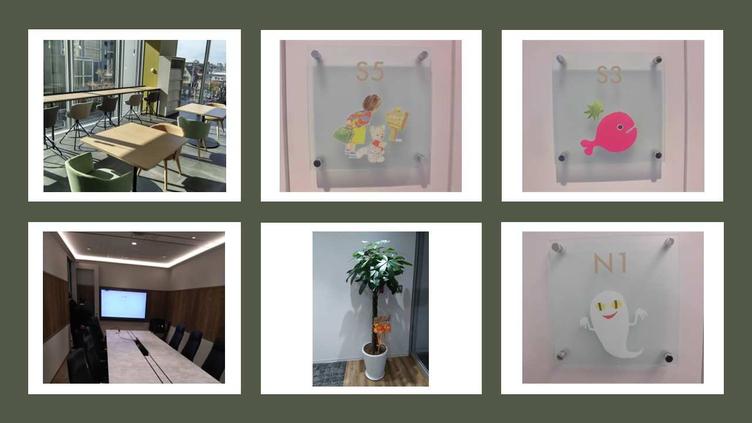 【中野坂上サンブライトツイン】「福音館書店」本社が移転開所しました！の写真6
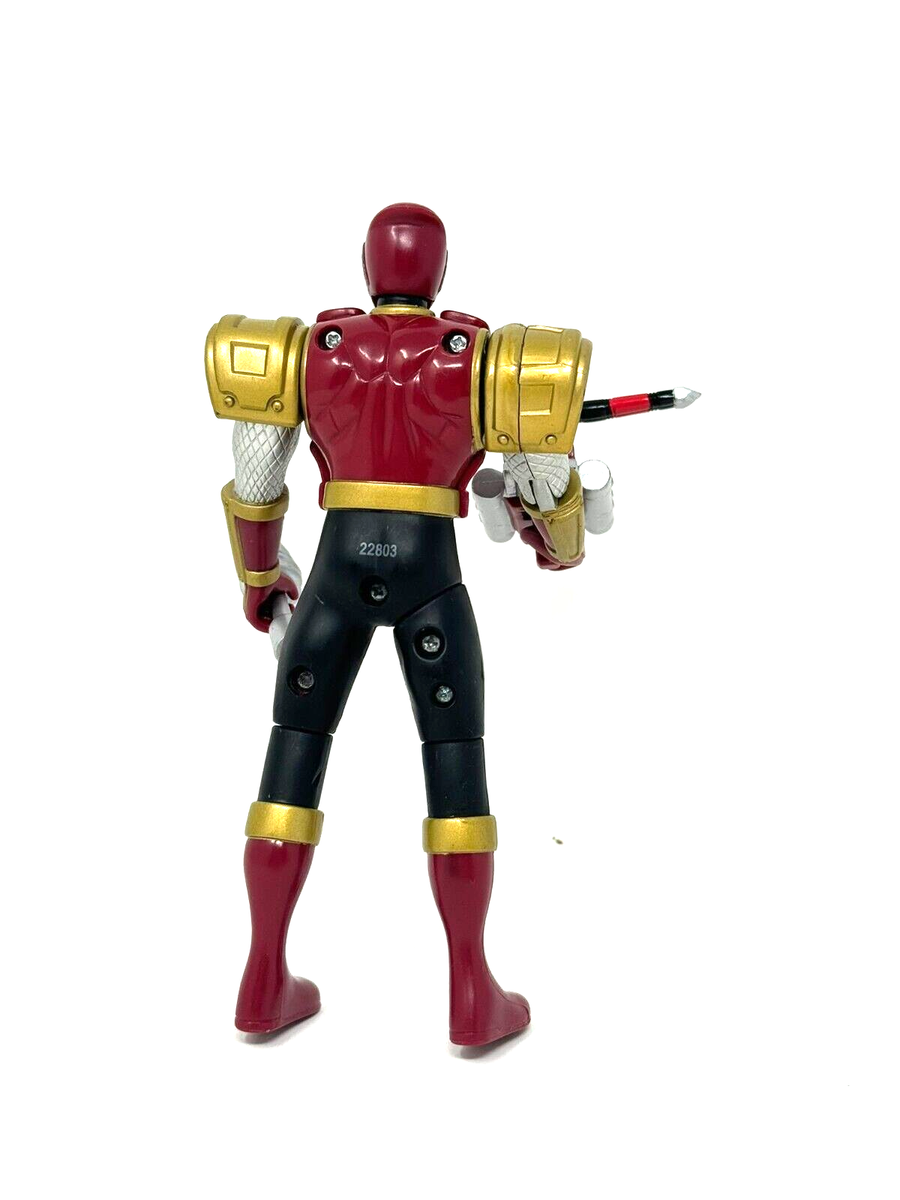 Power Rangers Ninja Storm 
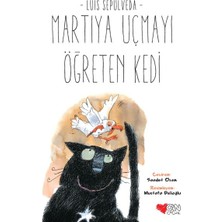 Hayat Store Martıya Uçmayı Öğreten Kedi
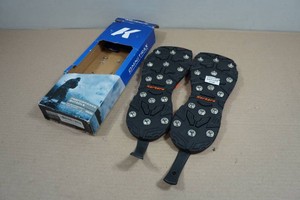 Korkers Interchangeable Sole System Triple Threat Carbide Spike - Size 14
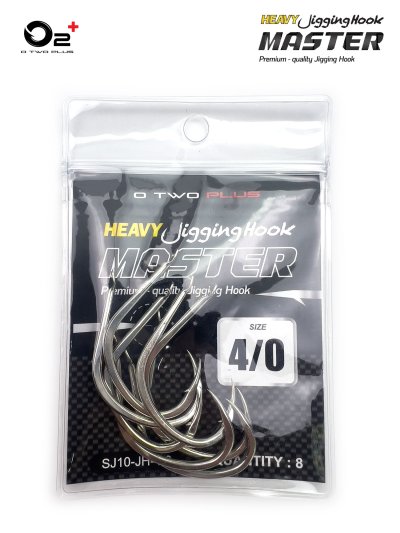 Master Jigging Hook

━━━━━━

_PROBLEM TO SOLVE_
A word-for-word copy of all the records above is required, with the pictures left out.

_RESPONSE_
 【中野坂上サンブライトツイン】「福音館書店」本社が移転開所しました！の写真6
 Power Rangers Ninja Storm 
 Hayat Store Martıya Uçmayı Öğreten Kedi
 Korkers Interchangeable Sole System Triple Threat Carbide Spike - Size 14
 Master Jigging Hook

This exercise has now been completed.